In 1801, with the support of King Friedrich Wilhelm III, he opened the first sugar beet refinery at Gut Kunern near Steinau Silesia, Prussia. In 1802, the refinery processed 400 tons of beets with a degree of efficiency of 4%. Other refineries were soon built by his students Johann Gottlob Nathusius and Moritz, Freiherr von Koppy. In 1807 Achard's plant was burned down during the Napoleonic Wars and in 1810 it was rebuilt on a small scale. Embargoes by Napoleon kept cane sugar imports away from Germany and thus the growing and refining of sugar beets became highly important for the Prussian government. Refineries also appeared in Bohemia, Augsburg and in 1811 in France. France itself built many refineries and was only in later years surpassed by Prussia.

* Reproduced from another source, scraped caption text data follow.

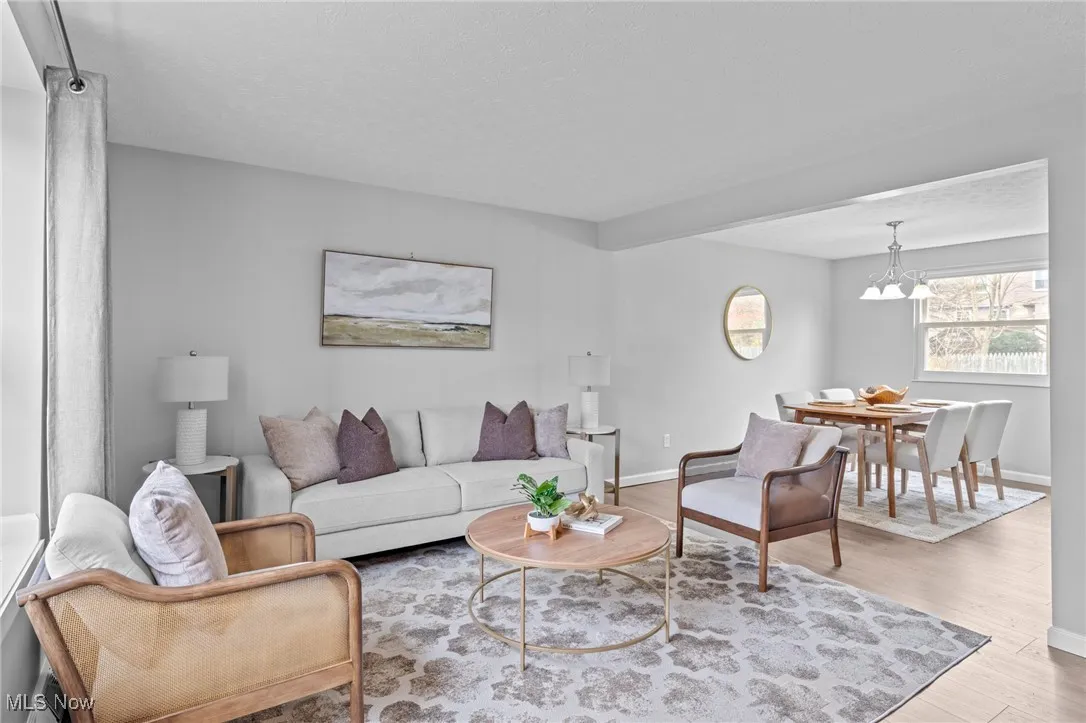 Living area featuring wood finished floors, a chandelier, and a textured ceiling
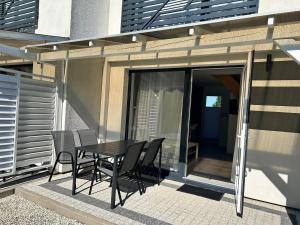 a patio with a table and chairs on the side of a building at Villa Over Lake in Mielno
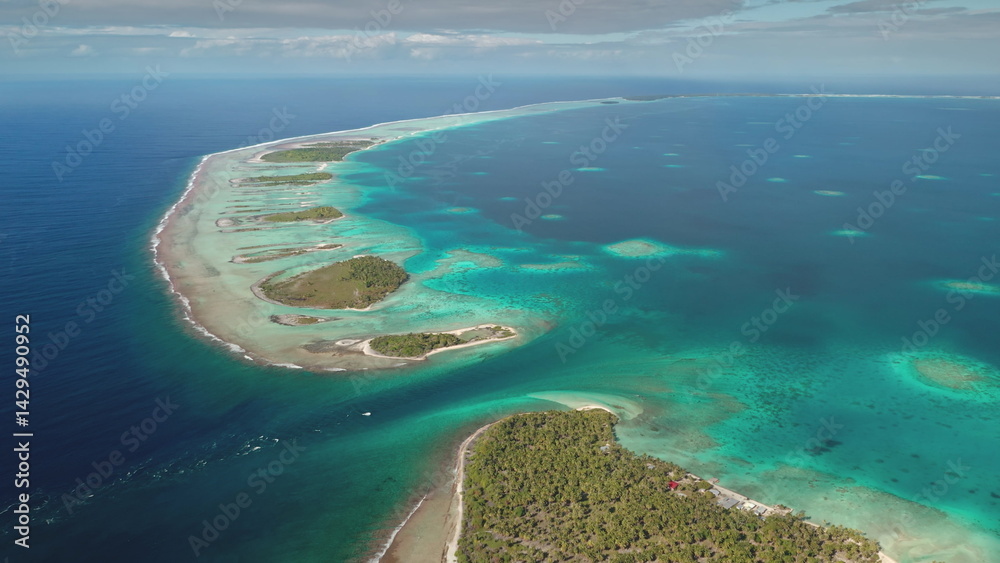 Stunning aerial perspective showcases a series of small tropical islands surrounded by vibrant turquoise waters. The scene reflects the beauty of unspoiled nature along the coastline during daylight.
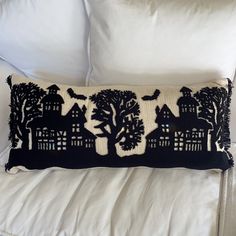 a black and white pillow sitting on top of a bed next to pillows with trees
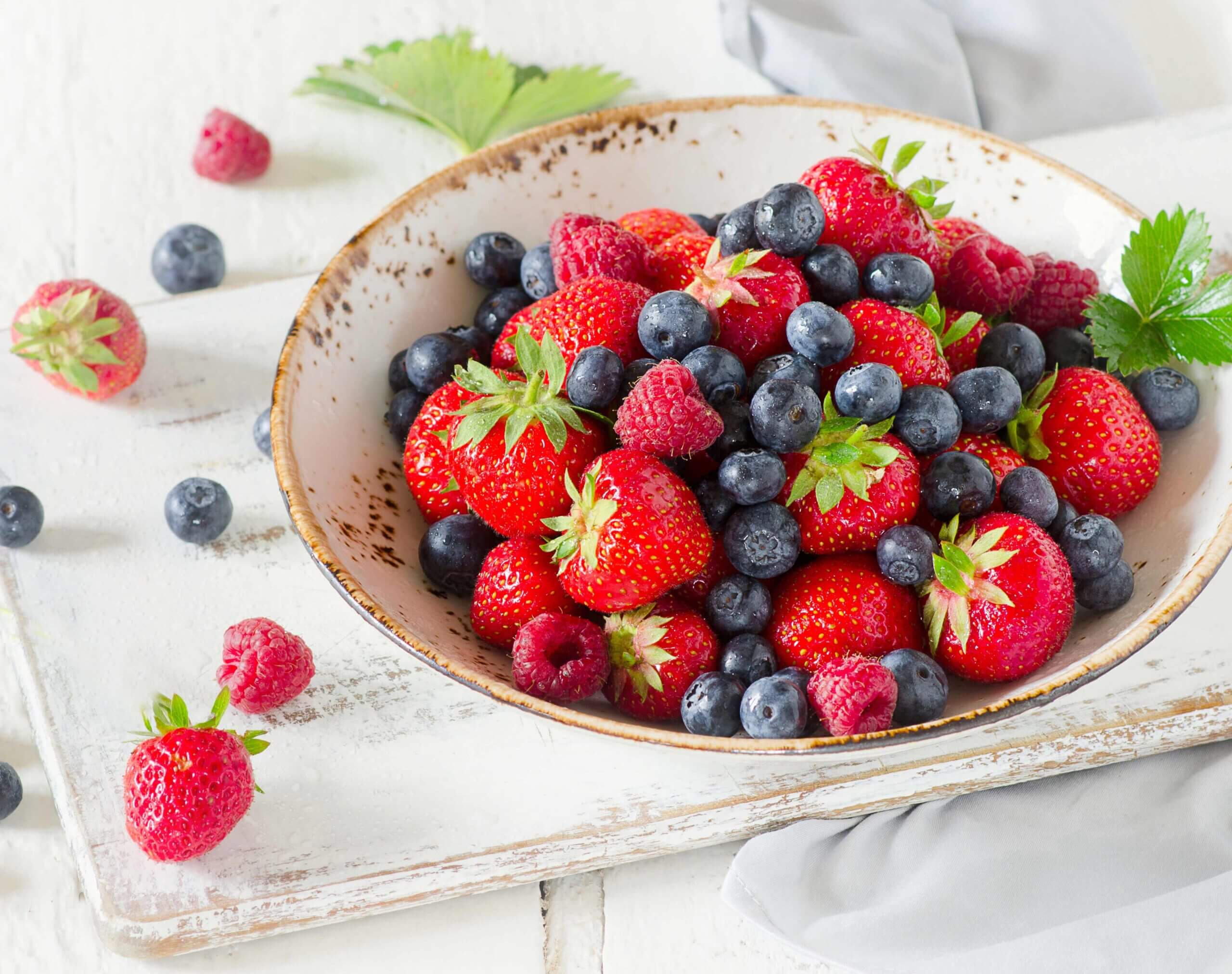 Eine weiße Schüssel mit Erdbeeren, Heidelbeeren und Himbeeren.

English sugar merchants offered Achard 200,000 taler to declare his experiments a failure but he refused. With Achard's discovery, sugar was no longer a luxury product, but local production became a necessity, due to the embargoes. Achard taught classes to have a large number of sugar beet growers and the specially developed sugar beets became available for everyone. Achard described the sugar beet as, "one of the most bountiful gifts which the devine munificence had awarded to man on earth."

In 1794, Achard built an optical telegraph between Spandau and Bellevue. This device had been invented just one year before by Claude Chappe.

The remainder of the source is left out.